- Exercise
An exact, complete copy of the lines below is the expected answer.

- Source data

- Opening Delimiter -

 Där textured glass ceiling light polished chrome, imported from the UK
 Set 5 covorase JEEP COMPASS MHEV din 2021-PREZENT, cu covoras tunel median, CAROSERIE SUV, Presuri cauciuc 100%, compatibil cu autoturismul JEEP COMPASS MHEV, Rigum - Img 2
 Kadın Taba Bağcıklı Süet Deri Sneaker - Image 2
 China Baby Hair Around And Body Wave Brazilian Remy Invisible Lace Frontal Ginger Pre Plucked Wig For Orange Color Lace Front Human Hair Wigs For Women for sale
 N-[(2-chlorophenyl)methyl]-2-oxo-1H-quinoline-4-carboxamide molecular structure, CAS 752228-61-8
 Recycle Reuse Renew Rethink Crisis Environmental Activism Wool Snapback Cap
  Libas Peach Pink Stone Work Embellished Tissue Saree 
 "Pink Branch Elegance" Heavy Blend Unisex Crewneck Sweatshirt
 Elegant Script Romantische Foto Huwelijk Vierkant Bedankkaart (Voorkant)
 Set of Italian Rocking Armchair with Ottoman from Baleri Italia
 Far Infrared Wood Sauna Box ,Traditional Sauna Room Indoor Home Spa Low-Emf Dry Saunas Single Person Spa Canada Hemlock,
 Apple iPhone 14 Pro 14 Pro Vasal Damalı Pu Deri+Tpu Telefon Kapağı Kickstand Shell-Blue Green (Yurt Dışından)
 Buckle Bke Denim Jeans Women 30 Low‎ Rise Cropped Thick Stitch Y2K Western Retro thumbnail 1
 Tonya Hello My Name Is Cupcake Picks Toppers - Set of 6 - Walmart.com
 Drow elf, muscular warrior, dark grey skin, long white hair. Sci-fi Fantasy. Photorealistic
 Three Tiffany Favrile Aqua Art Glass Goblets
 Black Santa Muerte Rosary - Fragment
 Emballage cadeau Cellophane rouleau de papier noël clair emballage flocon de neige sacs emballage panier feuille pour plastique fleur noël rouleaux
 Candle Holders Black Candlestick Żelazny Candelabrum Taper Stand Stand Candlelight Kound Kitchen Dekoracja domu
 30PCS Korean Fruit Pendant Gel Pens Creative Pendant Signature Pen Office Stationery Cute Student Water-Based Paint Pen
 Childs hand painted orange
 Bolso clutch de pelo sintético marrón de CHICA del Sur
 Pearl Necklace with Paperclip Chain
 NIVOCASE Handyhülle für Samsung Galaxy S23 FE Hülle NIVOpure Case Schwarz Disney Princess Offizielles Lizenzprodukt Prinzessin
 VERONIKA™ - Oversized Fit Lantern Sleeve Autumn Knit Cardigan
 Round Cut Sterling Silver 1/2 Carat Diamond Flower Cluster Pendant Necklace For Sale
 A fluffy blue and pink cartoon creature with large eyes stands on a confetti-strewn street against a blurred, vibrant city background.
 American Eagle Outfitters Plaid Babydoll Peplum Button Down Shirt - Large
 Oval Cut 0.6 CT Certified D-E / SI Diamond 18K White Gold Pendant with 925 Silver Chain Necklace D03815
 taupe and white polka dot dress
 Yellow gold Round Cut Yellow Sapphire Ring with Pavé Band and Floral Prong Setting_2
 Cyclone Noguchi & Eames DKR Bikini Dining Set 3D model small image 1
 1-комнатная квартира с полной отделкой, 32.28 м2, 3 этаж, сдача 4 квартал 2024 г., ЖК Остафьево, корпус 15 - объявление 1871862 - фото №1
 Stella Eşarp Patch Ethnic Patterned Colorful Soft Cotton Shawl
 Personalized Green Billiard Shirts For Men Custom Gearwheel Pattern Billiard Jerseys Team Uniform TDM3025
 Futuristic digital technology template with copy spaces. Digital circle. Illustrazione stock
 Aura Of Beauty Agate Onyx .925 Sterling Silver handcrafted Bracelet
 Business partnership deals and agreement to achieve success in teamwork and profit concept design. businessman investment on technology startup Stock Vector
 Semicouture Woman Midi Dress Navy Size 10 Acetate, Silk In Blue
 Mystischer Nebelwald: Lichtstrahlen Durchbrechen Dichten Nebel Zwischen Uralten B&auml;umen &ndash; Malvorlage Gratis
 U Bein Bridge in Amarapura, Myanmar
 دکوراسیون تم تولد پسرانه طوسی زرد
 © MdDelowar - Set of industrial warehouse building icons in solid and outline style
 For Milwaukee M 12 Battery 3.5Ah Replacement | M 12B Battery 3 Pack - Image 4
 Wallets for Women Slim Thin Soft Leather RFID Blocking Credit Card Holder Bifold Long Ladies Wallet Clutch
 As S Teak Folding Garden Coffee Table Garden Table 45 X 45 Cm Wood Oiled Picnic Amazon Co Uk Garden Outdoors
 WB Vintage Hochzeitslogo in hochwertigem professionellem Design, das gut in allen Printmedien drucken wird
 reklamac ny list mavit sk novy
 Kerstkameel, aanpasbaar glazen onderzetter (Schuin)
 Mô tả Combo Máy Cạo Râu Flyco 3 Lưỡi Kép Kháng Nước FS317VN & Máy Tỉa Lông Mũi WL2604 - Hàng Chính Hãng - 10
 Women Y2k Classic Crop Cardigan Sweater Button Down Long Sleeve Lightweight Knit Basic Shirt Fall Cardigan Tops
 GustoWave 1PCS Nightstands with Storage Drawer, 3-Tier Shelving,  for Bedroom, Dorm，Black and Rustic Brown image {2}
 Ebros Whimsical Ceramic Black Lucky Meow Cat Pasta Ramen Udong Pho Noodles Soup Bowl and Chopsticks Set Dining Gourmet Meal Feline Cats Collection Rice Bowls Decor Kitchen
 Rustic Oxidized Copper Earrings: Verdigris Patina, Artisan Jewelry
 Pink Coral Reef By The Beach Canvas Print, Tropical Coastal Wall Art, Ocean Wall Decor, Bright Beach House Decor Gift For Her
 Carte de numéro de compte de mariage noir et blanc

- Closing Delimiter -

- Output below
 Där textured glass ceiling light polished chrome, imported from the UK
 Set 5 covorase JEEP COMPASS MHEV din 2021-PREZENT, cu covoras tunel median, CAROSERIE SUV, Presuri cauciuc 100%, compatibil cu autoturismul JEEP COMPASS MHEV, Rigum - Img 2
 Kadın Taba Bağcıklı Süet Deri Sneaker - Image 2
 China Baby Hair Around And Body Wave Brazilian Remy Invisible Lace Frontal Ginger Pre Plucked Wig For Orange Color Lace Front Human Hair Wigs For Women for sale
 N-[(2-chlorophenyl)methyl]-2-oxo-1H-quinoline-4-carboxamide molecular structure, CAS 752228-61-8
 Recycle Reuse Renew Rethink Crisis Environmental Activism Wool Snapback Cap
  Libas Peach Pink Stone Work Embellished Tissue Saree 
 "Pink Branch Elegance" Heavy Blend Unisex Crewneck Sweatshirt
 Elegant Script Romantische Foto Huwelijk Vierkant Bedankkaart (Voorkant)
 Set of Italian Rocking Armchair with Ottoman from Baleri Italia
 Far Infrared Wood Sauna Box ,Traditional Sauna Room Indoor Home Spa Low-Emf Dry Saunas Single Person Spa Canada Hemlock,
 Apple iPhone 14 Pro 14 Pro Vasal Damalı Pu Deri+Tpu Telefon Kapağı Kickstand Shell-Blue Green (Yurt Dışından)
 Buckle Bke Denim Jeans Women 30 Low‎ Rise Cropped Thick Stitch Y2K Western Retro thumbnail 1
 Tonya Hello My Name Is Cupcake Picks Toppers - Set of 6 - Walmart.com
 Drow elf, muscular warrior, dark grey skin, long white hair. Sci-fi Fantasy. Photorealistic
 Three Tiffany Favrile Aqua Art Glass Goblets
 Black Santa Muerte Rosary - Fragment
 Emballage cadeau Cellophane rouleau de papier noël clair emballage flocon de neige sacs emballage panier feuille pour plastique fleur noël rouleaux
 Candle Holders Black Candlestick Żelazny Candelabrum Taper Stand Stand Candlelight Kound Kitchen Dekoracja domu
 30PCS Korean Fruit Pendant Gel Pens Creative Pendant Signature Pen Office Stationery Cute Student Water-Based Paint Pen
 Childs hand painted orange
 Bolso clutch de pelo sintético marrón de CHICA del Sur
 Pearl Necklace with Paperclip Chain
 NIVOCASE Handyhülle für Samsung Galaxy S23 FE Hülle NIVOpure Case Schwarz Disney Princess Offizielles Lizenzprodukt Prinzessin
 VERONIKA™ - Oversized Fit Lantern Sleeve Autumn Knit Cardigan
 Round Cut Sterling Silver 1/2 Carat Diamond Flower Cluster Pendant Necklace For Sale
 A fluffy blue and pink cartoon creature with large eyes stands on a confetti-strewn street against a blurred, vibrant city background.
 American Eagle Outfitters Plaid Babydoll Peplum Button Down Shirt - Large
 Oval Cut 0.6 CT Certified D-E / SI Diamond 18K White Gold Pendant with 925 Silver Chain Necklace D03815
 taupe and white polka dot dress
 Yellow gold Round Cut Yellow Sapphire Ring with Pavé Band and Floral Prong Setting_2
 Cyclone Noguchi & Eames DKR Bikini Dining Set 3D model small image 1
 1-комнатная квартира с полной отделкой, 32.28 м2, 3 этаж, сдача 4 квартал 2024 г., ЖК Остафьево, корпус 15 - объявление 1871862 - фото №1
 Stella Eşarp Patch Ethnic Patterned Colorful Soft Cotton Shawl
 Personalized Green Billiard Shirts For Men Custom Gearwheel Pattern Billiard Jerseys Team Uniform TDM3025
 Futuristic digital technology template with copy spaces. Digital circle. Illustrazione stock
 Aura Of Beauty Agate Onyx .925 Sterling Silver handcrafted Bracelet
 Business partnership deals and agreement to achieve success in teamwork and profit concept design. businessman investment on technology startup Stock Vector
 Semicouture Woman Midi Dress Navy Size 10 Acetate, Silk In Blue
 Mystischer Nebelwald: Lichtstrahlen Durchbrechen Dichten Nebel Zwischen Uralten B&auml;umen &ndash; Malvorlage Gratis
 U Bein Bridge in Amarapura, Myanmar
 دکوراسیون تم تولد پسرانه طوسی زرد
 © MdDelowar - Set of industrial warehouse building icons in solid and outline style
 For Milwaukee M 12 Battery 3.5Ah Replacement | M 12B Battery 3 Pack - Image 4
 Wallets for Women Slim Thin Soft Leather RFID Blocking Credit Card Holder Bifold Long Ladies Wallet Clutch
 As S Teak Folding Garden Coffee Table Garden Table 45 X 45 Cm Wood Oiled Picnic Amazon Co Uk Garden Outdoors
 WB Vintage Hochzeitslogo in hochwertigem professionellem Design, das gut in allen Printmedien drucken wird
 reklamac ny list mavit sk novy
 Kerstkameel, aanpasbaar glazen onderzetter (Schuin)
 Mô tả Combo Máy Cạo Râu Flyco 3 Lưỡi Kép Kháng Nước FS317VN & Máy Tỉa Lông Mũi WL2604 - Hàng Chính Hãng - 10
 Women Y2k Classic Crop Cardigan Sweater Button Down Long Sleeve Lightweight Knit Basic Shirt Fall Cardigan Tops
 GustoWave 1PCS Nightstands with Storage Drawer, 3-Tier Shelving,  for Bedroom, Dorm，Black and Rustic Brown image {2}
 Ebros Whimsical Ceramic Black Lucky Meow Cat Pasta Ramen Udong Pho Noodles Soup Bowl and Chopsticks Set Dining Gourmet Meal Feline Cats Collection Rice Bowls Decor Kitchen
 Rustic Oxidized Copper Earrings: Verdigris Patina, Artisan Jewelry
 Pink Coral Reef By The Beach Canvas Print, Tropical Coastal Wall Art, Ocean Wall Decor, Bright Beach House Decor Gift For Her
 Carte de numéro de compte de mariage noir et blanc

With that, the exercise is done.